First off, remember that all electronic devices produce their own heat on top of the ambient heat in the environment, so the temperature inside a device can be much, much hotter than outside. The CPU in an iMac can hit 212º F (100º C) under heavy loads.
Temperatures that exceed component design specs can have the following detrimental effects:
Chips of all types can behave unpredictably as increased thermal noise (electrons vibrating more) causes a higher bit error rate. Because electrical resistance increases with heat, timing errors can also occur.
Lithium-ion batteries discharge well in high temperatures, but the increased rate of chemical reactions within the battery will result in a shorter overall lifespan.
As devices heat and cool, the uneven thermal expansion of different materials can cause microscopic cracks that can lead to a variety of failures over time.
Some heat-related problems are temporary, so when the device or component cools down, it will resume working correctly. But others are irreversible and worth avoiding.
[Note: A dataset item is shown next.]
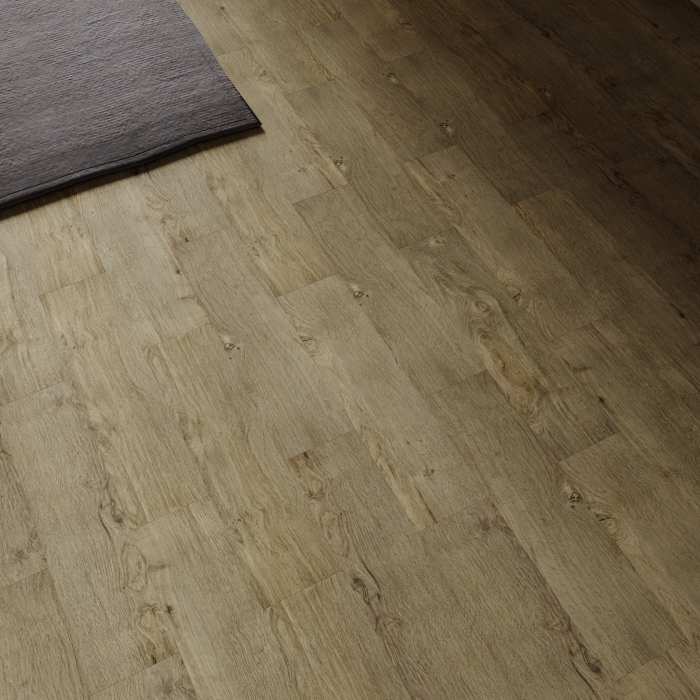 Кварцвиниловый SPC ламинат Art East Art Stone Optima 35-14 АРТ Дуб Амурский №6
When a Mac gets too hot, it will spin up its fans in an attempt to keep its internal components cool. (The M1-based MacBook Air doesn’t have a fan, so it won’t be able to provide the same level of advance warning.) If your Mac’s fans ever run at full tilt for more than a few minutes, first quit apps you aren’t using, particularly those that might be CPU-intensive, thus creating a lot of heat. If that doesn’t make a difference, restart it to ensure the problem isn’t some rogue process. If the fans come back on at full speed quickly, shut it down and let it cool off for a bit. In the worst case, an overheated Mac may start acting unpredictably or crash.
iOS devices don’t have fans, so they employ other coping mechanisms. If your iPhone or iPad gets too hot, the device will alert you.
Apple says you might notice some of the following behaviors with an overheating iPhone or iPad:
Charging, including wireless charging, slows or stops.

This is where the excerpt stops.